Anything can happen when the lights temporarily go out in an escape room. Things can change, and objects can appear, disappear or move around. Walls can move and spaces can change shape. A new path forward can open up or the path of retreat can suddenly be sealed off. Actors or projected characters can enter the space. Players can be removed from the space. Time can rewind. Props can be reset, and thus be ready for players to make another attempt at a previously botched game sequence.
Darkness can provide the misdirection needed for even low-tech magic to take place. A lack of light combined with a swelling soundtrack can be just the cover needed for a stealthy game host to make a physical adjustment to the game space.
In the dark, players will stop what they are doing and will be ready for a reset of sorts when the lights come back on.
Focus Your Players
Designers have an opportunity to get creative with the ways they bring the lights back up following a period of darkness. A single spotlight shining on an object or an area will provide a clear signal that draws players’ attention exactly where the designer wants. A slow, gradual return to normal game lighting could cause players to scan around the room and look for what might now be different.

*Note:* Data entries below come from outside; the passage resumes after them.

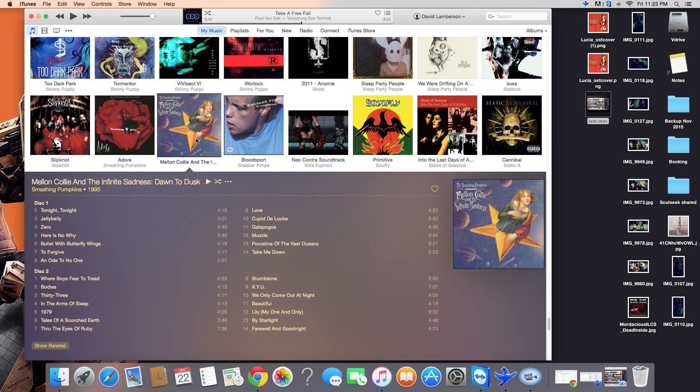Click on it again and look what happened. They're both together as disc one and two. So, that is how you successfully merge two discs that are part of a full iTunes album in your iTunes to consolidate and make it look neat.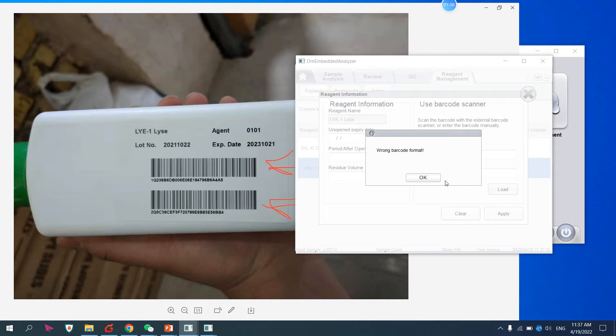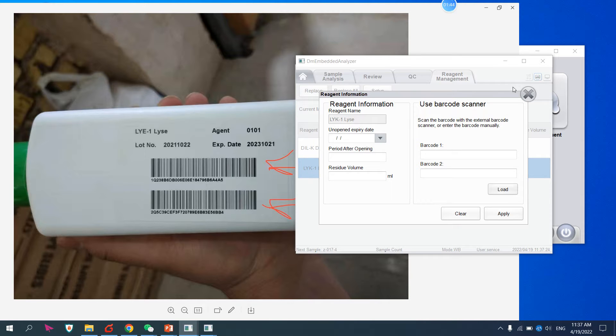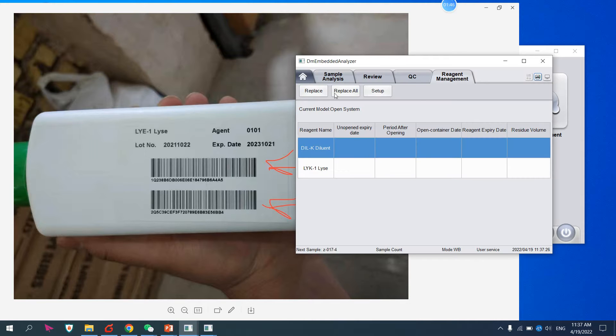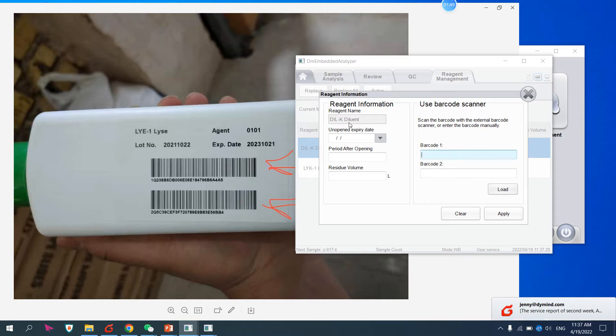Then you have to load it. When you load it, it will automatically update. Remember this is for Lice 1. So we have Lice 1 and diluent setup.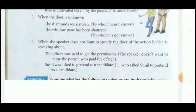So students, this was the Active and Passive Voice chapter. Hope you all got it. The exercise parts will be sent to you in PDF. Thank you.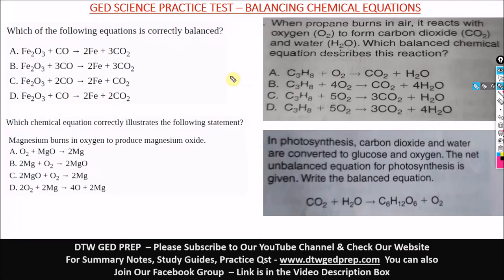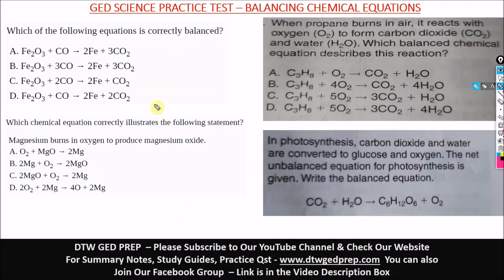Hello guys and welcome to DTWGAD prep. In today's video I'm going to be taking you through some GED science practice questions on balancing chemical equations. There are five questions: four here and another one on the law of conservation of mass, which you need to know. Please stay to the end. Once we go through all these questions, any questions on GED science balancing equations you'll get it.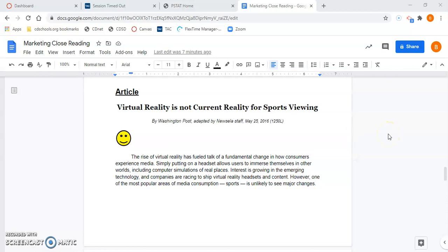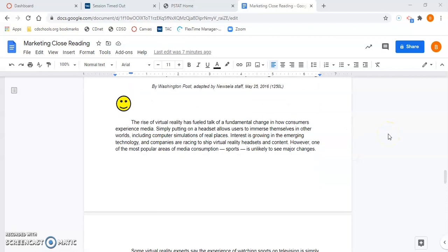The rise of virtual reality has fueled talk of a fundamental change in how consumers experience media. Simply putting on a headset allows users to immerse themselves in other worlds, including computer simulations of real places. Interest is growing in the emerging technology, and companies are racing to ship virtual reality headsets and content. However, one of the most popular areas of media consumption, sports, is unlikely to see major changes.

Even if darkness is just used to signal an act break during the game, lighting has now been introduced as an important part of the storytelling structure and players will more likely pay attention to how it is used during the rest of the experience.
Lighting is a common subject of discussion among escape room designers. Let’s not forget about the power of temporary, complete darkness and about the opportunity it provides to add a bit of magic to our game experiences.